→ EXERCISE: An exact transcription of the entries is required, with no images included.

→ Captioned web image data:
* * * * *
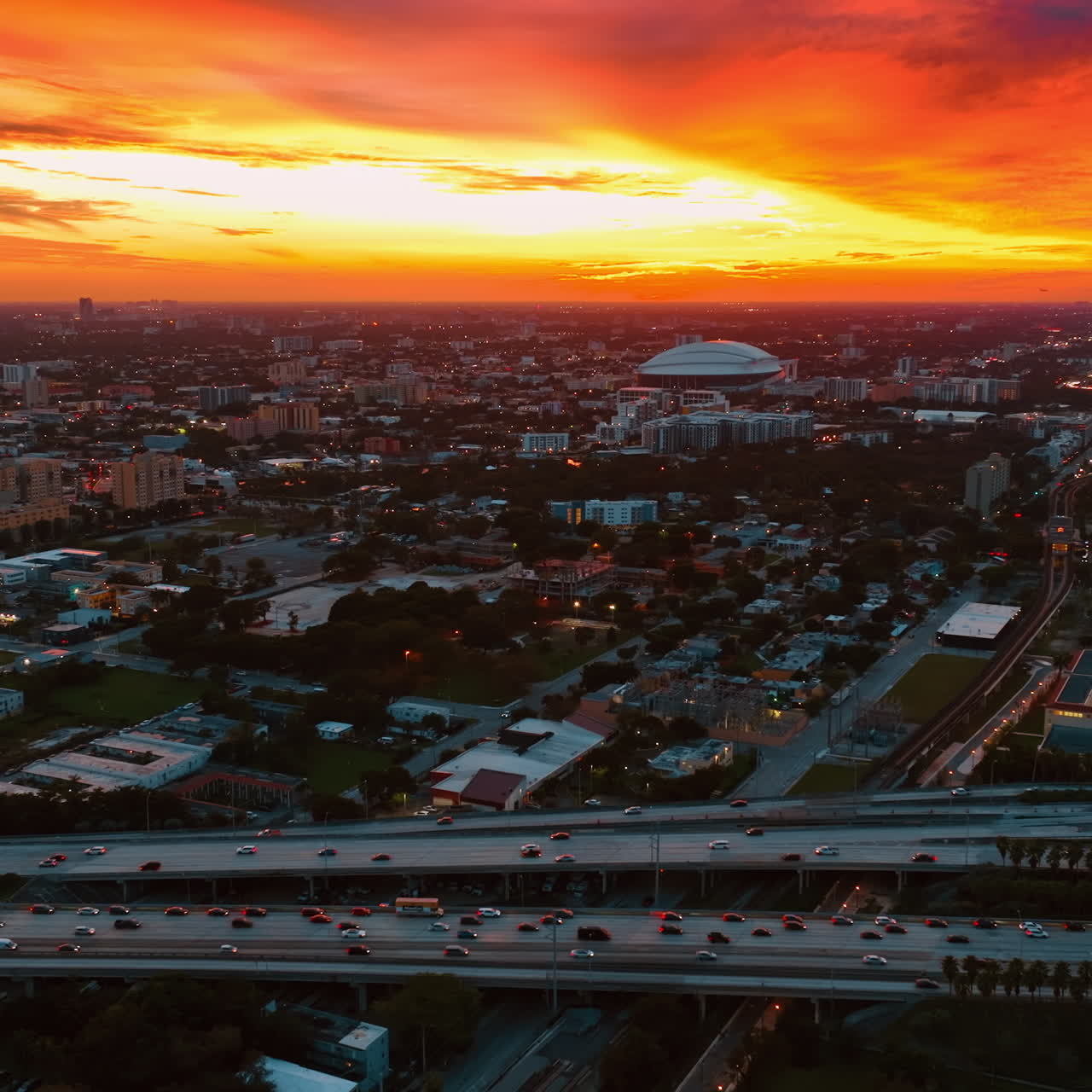 Fantastic yellow and orange sky above Miami panorama. Drone footage along the highways with heavy traffic.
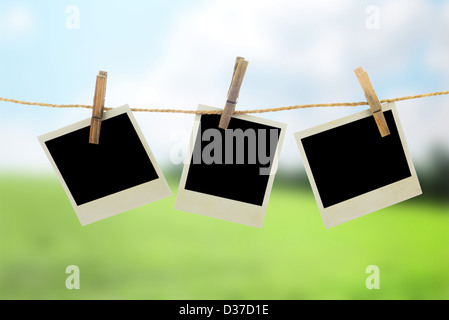 Three blank instant photos hanging on the clothesline Stock Photo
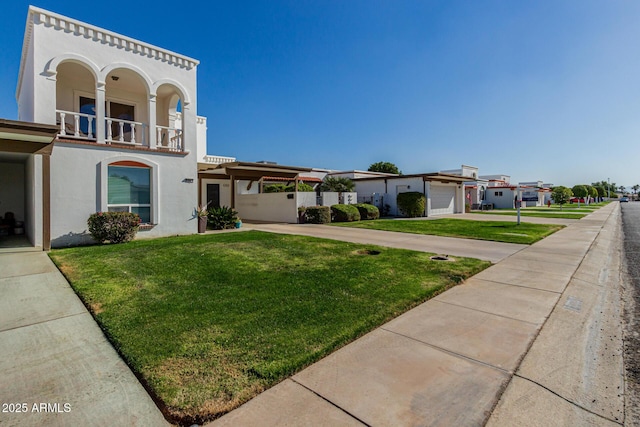 view of front of house featuring a garage, a balcony, and a front yard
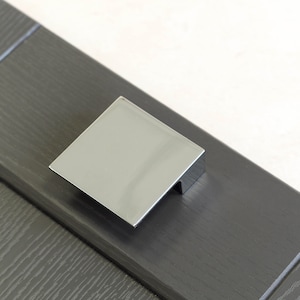 Peut inclure: Une poignée de tiroir carrée en chrome avec un bord légèrement surélevé. La poignée est montée sur une porte de placard gris foncé.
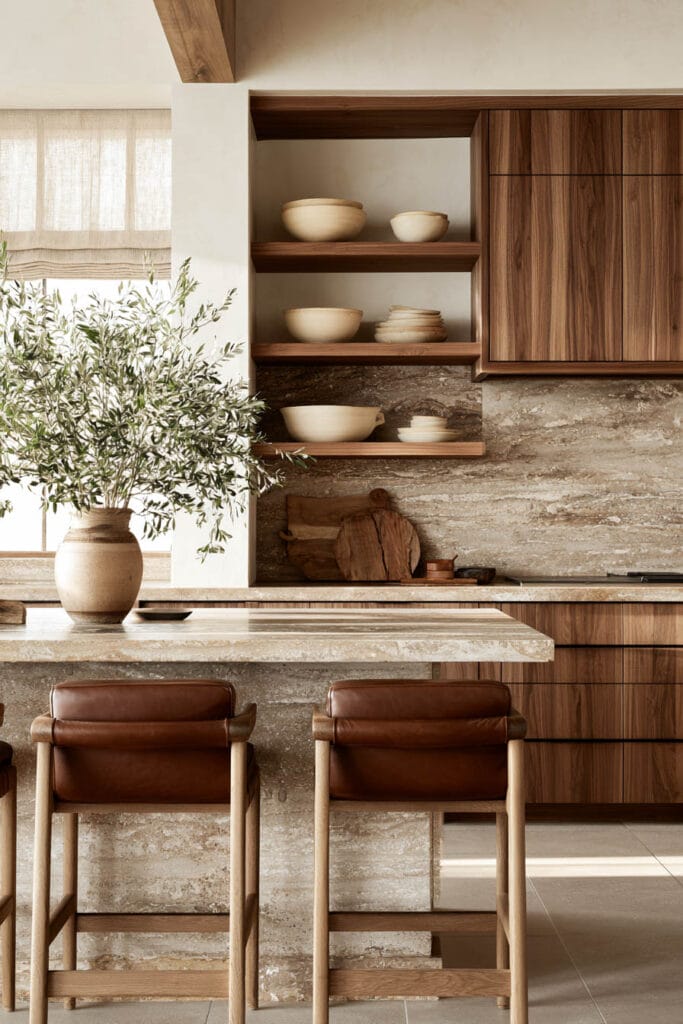 Chocolate brown wood kitchen cabinets with cognac leather stools, natural stone island, open shelving, cream ceramics, and organic decor.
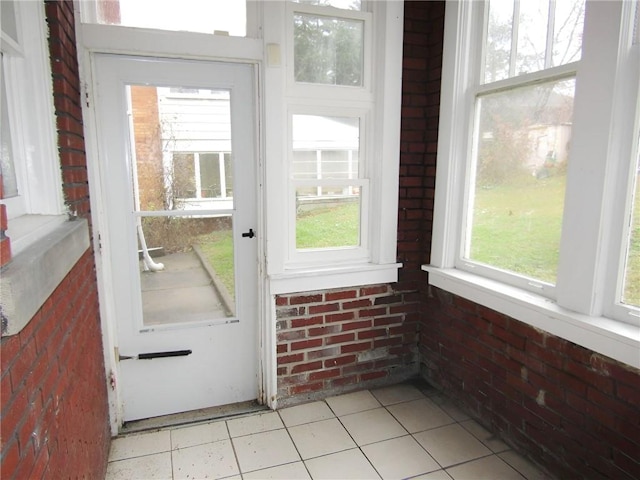 doorway to outside featuring light tile patterned floors, plenty of natural light, and brick wall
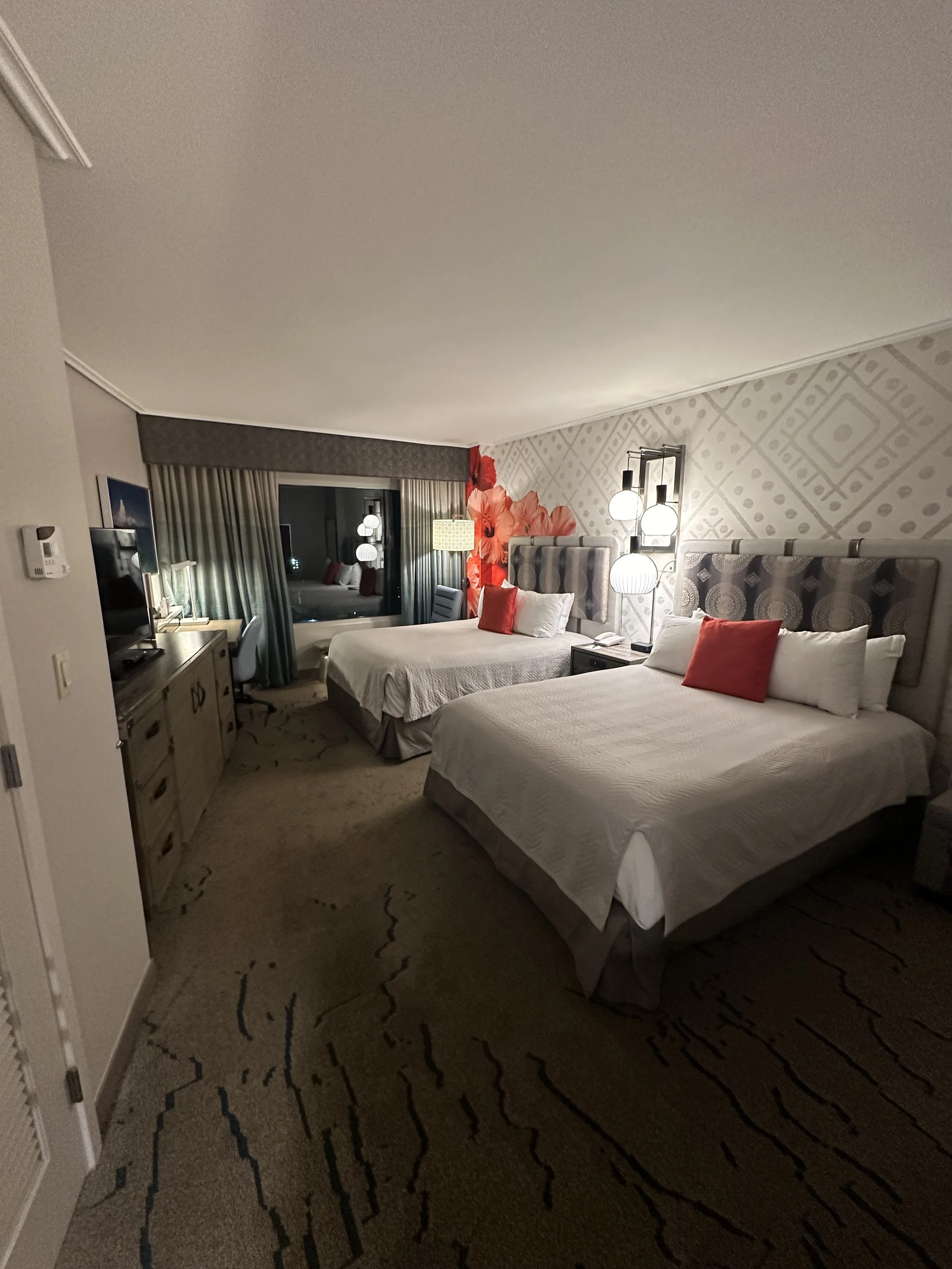A hotel room with two queen beds, each with red pillows, floral headboards, a window with curtains, and a desk with a chair, a TV, and lamps.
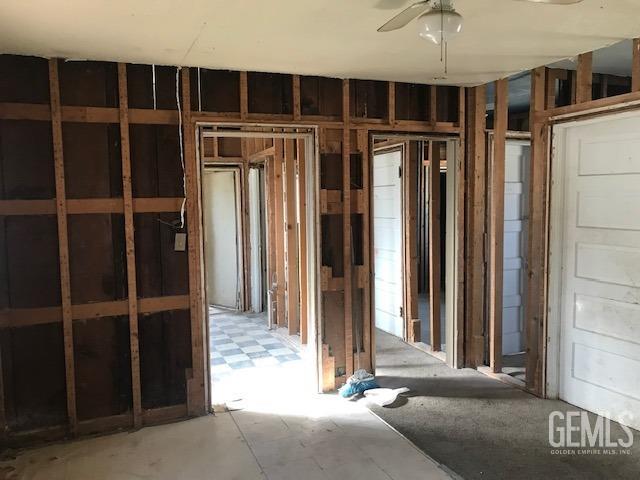 Undisclosed Address Wasco, CA 93280 - Photo 7 of 10 a view of a house with a door and wooden floor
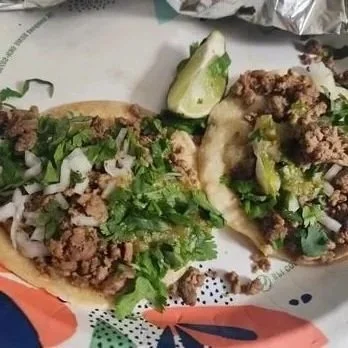 Two tacos filled with seasoned ground beef, chopped onions, cilantro, and diced green peppers on a plate with a lime wedge.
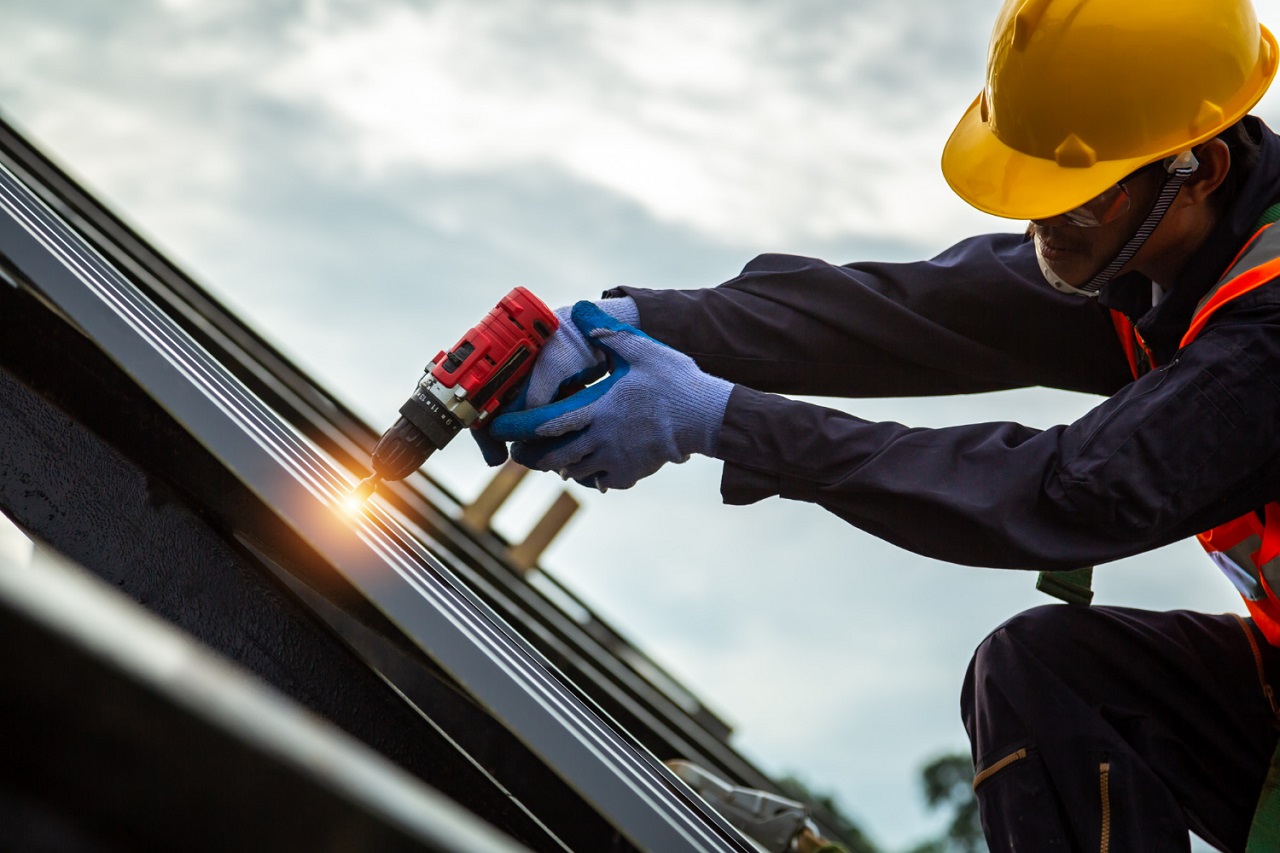 professional working on repairing the roof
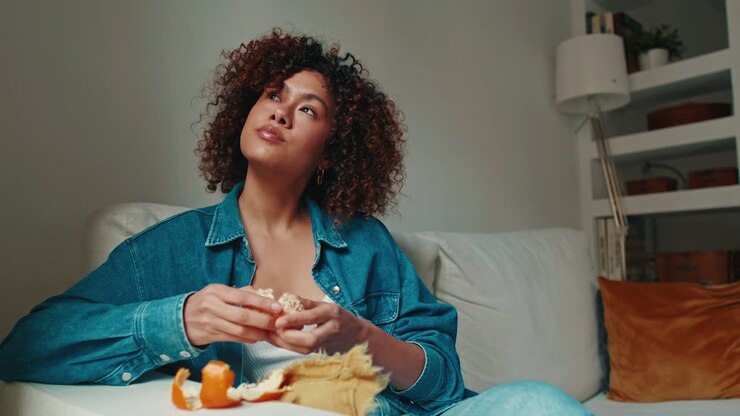 Woman eating a tangerine on a sofa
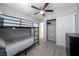 Bedroom features a bunk bed, ceiling fan, and carpeted flooring with closet at 3367 Popcorn Flower St, Las Vegas, NV 89117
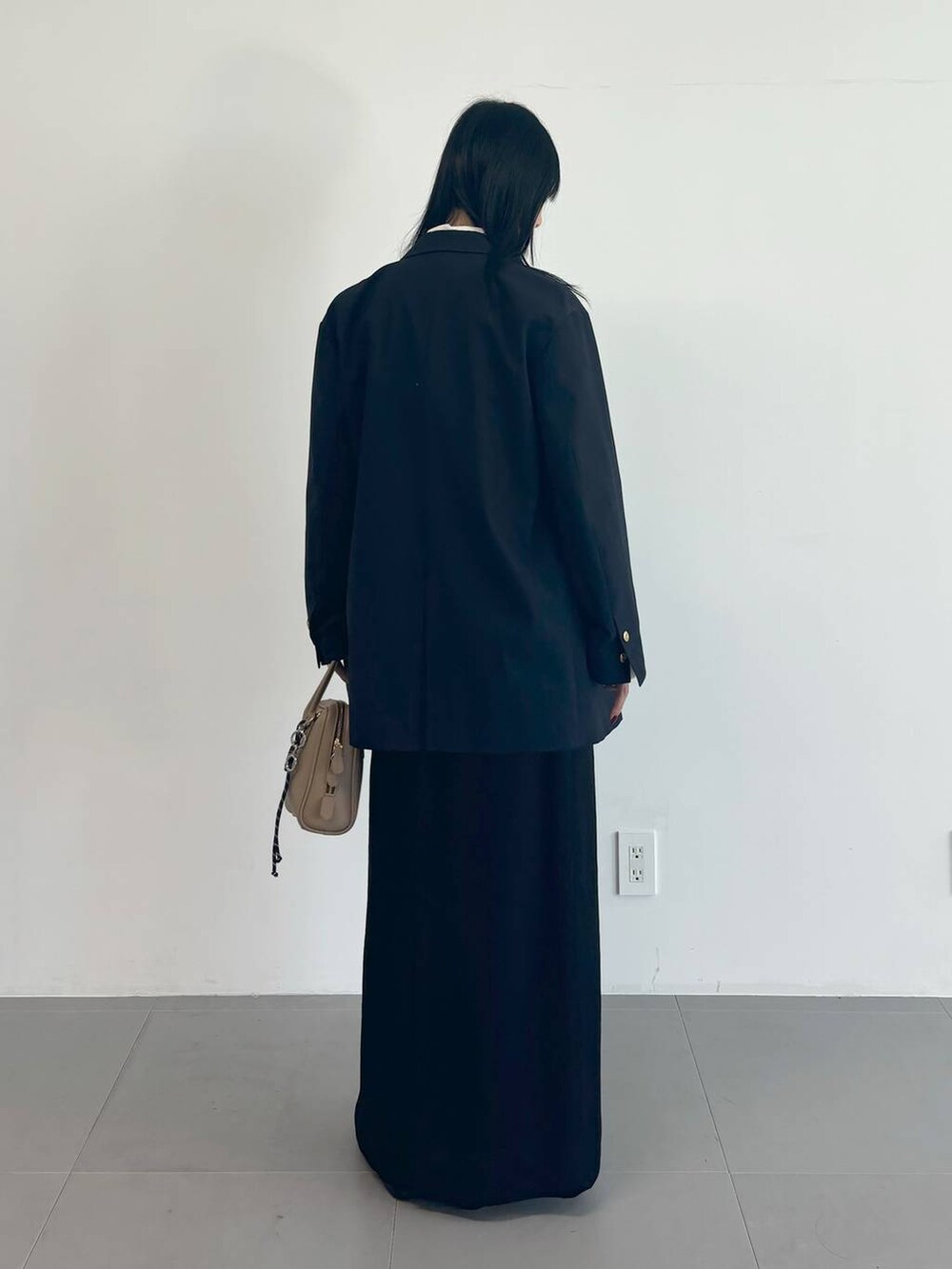 ホワイト系のシャツ/ブラウス、ブルー系のテーラードジャケット、ブラック系のスカートを着用したレディースの冬コーディネートの3枚目の写真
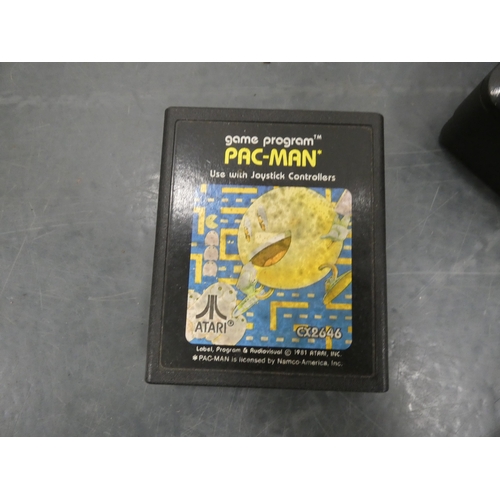 44 - Atari 2600 game console with accessories in original box.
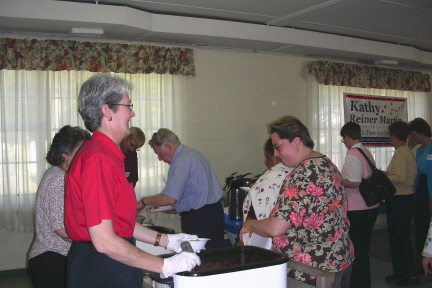 Friends of Kathy Reiner Martin volunteer Anita Obinger serving up chili at the "Chili for Change" fundraiser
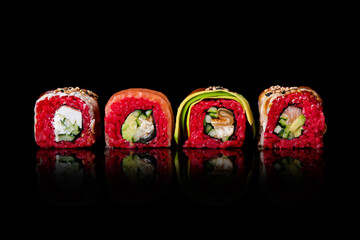 Set of red sushi isolated on a black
* * * * *
→ OUTPUT OF THE EXERCISE:
 Fantastic yellow and orange sky above Miami panorama. Drone footage along the highways with heavy traffic.
 Three blank instant photos hanging on the clothesline Stock Photo
 view of front of house featuring a garage, a balcony, and a front yard
 Peut inclure: Une poignée de tiroir carrée en chrome avec un bord légèrement surélevé. La poignée est montée sur une porte de placard gris foncé.
 Chocolate brown wood kitchen cabinets with cognac leather stools, natural stone island, open shelving, cream ceramics, and organic decor.
 doorway to outside featuring light tile patterned floors, plenty of natural light, and brick wall
A hotel room with two queen beds, each with red pillows, floral headboards, a window with curtains, and a desk with a chair, a TV, and lamps.
 Undisclosed Address Wasco, CA 93280 - Photo 7 of 10 a view of a house with a door and wooden floor
 Two tacos filled with seasoned ground beef, chopped onions, cilantro, and diced green peppers on a plate with a lime wedge.
 professional working on repairing the roof
 Woman eating a tangerine on a sofa
 Bedroom features a bunk bed, ceiling fan, and carpeted flooring with closet at 3367 Popcorn Flower St, Las Vegas, NV 89117
 ホワイト系のシャツ/ブラウス、ブルー系のテーラードジャケット、ブラック系のスカートを着用したレディースの冬コーディネートの3枚目の写真
 44 - Atari 2600 game console with accessories in original box.
 Friends of Kathy Reiner Martin volunteer Anita Obinger serving up chili at the "Chili for Change" fundraiser
 Set of red sushi isolated on a black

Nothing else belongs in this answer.